J'ai en effet eu un moins d'août assez occupé : explosion de Beyrouth, coup d'État au Mali, opération en Méditerranée orientale, crise au Belarus, soit une crise tous les quatre ou cinq jours.
Je souhaite commencer mon intervention par quelques mots sur les suites de l'assassinat de Samuel Paty. J'éprouve naturellement une grande émotion devant ce geste d'une abjecte brutalité qui vise notre République, notre école, nos valeurs humanistes. C'est ce modèle que nos diplomates partagent et expliquent à travers le monde.

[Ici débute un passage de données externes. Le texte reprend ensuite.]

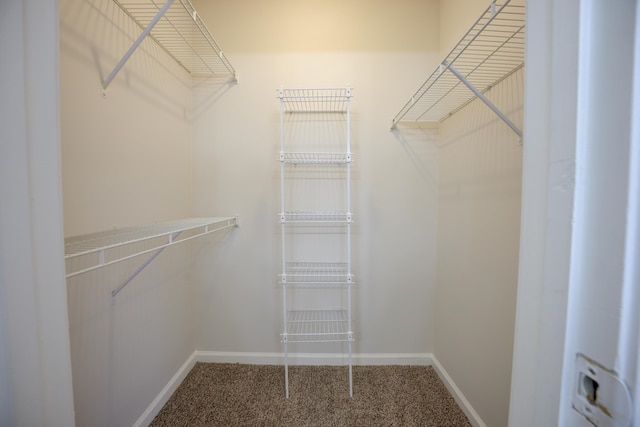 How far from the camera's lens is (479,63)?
45.1 inches

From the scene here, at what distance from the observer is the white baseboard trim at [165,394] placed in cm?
123

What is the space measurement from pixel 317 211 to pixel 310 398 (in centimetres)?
121

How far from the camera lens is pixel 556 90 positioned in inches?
12.1

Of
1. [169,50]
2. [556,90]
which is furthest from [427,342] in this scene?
[169,50]

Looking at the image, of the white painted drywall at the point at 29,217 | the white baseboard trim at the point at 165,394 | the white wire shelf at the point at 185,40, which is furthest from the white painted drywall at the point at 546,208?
the white baseboard trim at the point at 165,394

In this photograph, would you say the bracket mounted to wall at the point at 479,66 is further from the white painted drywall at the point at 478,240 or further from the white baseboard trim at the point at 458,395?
the white baseboard trim at the point at 458,395

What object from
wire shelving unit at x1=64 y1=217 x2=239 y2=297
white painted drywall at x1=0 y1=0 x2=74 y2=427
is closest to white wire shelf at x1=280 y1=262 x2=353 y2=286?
wire shelving unit at x1=64 y1=217 x2=239 y2=297

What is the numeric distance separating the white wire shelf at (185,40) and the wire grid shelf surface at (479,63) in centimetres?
129

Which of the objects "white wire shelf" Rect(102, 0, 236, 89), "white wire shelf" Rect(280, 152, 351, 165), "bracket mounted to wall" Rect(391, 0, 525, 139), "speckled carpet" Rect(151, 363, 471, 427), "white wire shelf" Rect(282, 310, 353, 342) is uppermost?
"white wire shelf" Rect(102, 0, 236, 89)

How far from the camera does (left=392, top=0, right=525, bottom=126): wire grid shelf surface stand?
3.19 ft

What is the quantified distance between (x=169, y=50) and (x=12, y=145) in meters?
1.53

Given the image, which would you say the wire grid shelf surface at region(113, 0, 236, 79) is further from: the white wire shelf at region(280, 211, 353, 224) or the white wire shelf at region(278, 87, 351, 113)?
the white wire shelf at region(280, 211, 353, 224)

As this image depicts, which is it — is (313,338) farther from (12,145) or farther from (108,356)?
(12,145)

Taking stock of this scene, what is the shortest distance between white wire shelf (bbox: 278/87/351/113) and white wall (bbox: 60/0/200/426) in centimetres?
76
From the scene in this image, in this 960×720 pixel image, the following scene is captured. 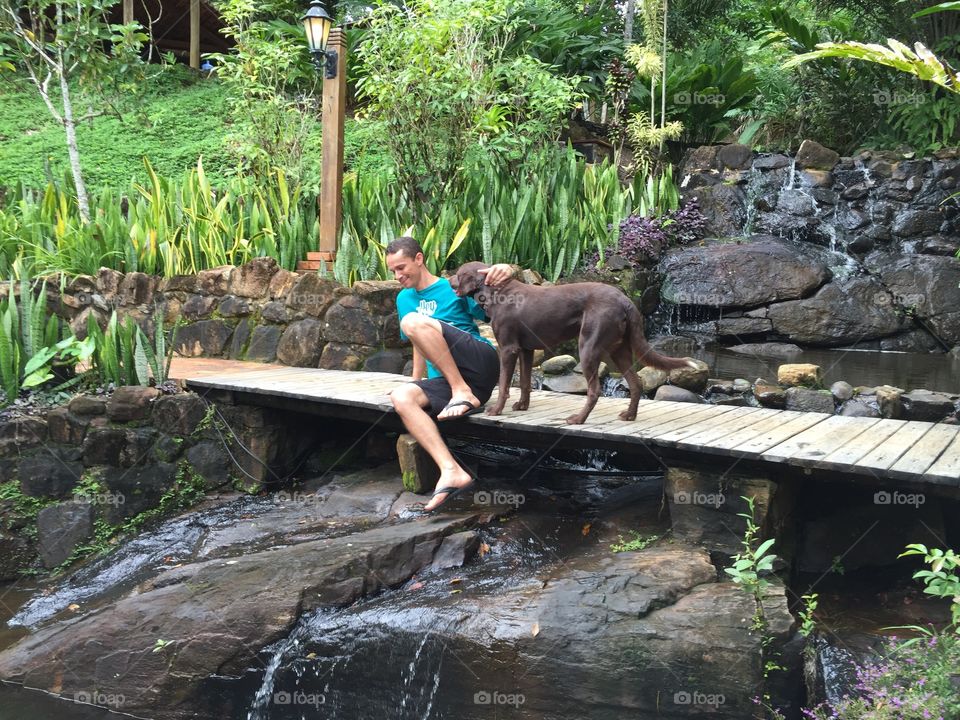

De plus, cela fait huit ans que, dans mes différentes fonctions, je me bats contre l'islamisme radical. J'ai été parmi les premiers, en 2013, à pointer le lien intrinsèque entre celui-ci et le terrorisme, dans des écrits qui ont pu perturber, mais que je ne regrette pas. L'islamisme radical, c'est la négation de la liberté de conscience, de la possibilité du dialogue dans la tolérance. Aveuglés par une conception dévoyée et pernicieuse de l'islam, ses promoteurs assassinent au nom de leur foi. Il ne faut rien céder dans ce combat, et les diplomates et agents du Quai d'Orsay continuent à se battre avec détermination.
L'urgence est double. Il faut d'abord renforcer la sécurité de nos agents et emprises à l'étranger. Nous avons demandé aux ambassadrices et ambassadeurs de réunir sans délai les chefs d'établissement de leur pays de résidence pour évoquer cette question. Le paquet de mesures sécuritaires que j'avais initié précédemment a été mis en oeuvre, mais la sécurité de nos 35 000 enseignants et 365 000 élèves à l'étranger est une priorité. Les mesures prises seront mises en oeuvre à la rentrée dans les pays où il y a des congés de la Toussaint, et dans un ou deux jours ailleurs.
Seconde urgence, mettre en place une cartographie en temps réel des réactions internationales. C'est dans les épreuves que l'on reconnaît ses amis. Je dis à ceux qui m'entendent que rien ne sera oublié. Nous avons reçu de très nombreuses marques de sympathie qui nous touchent, mais il y a aussi des silences éloquents.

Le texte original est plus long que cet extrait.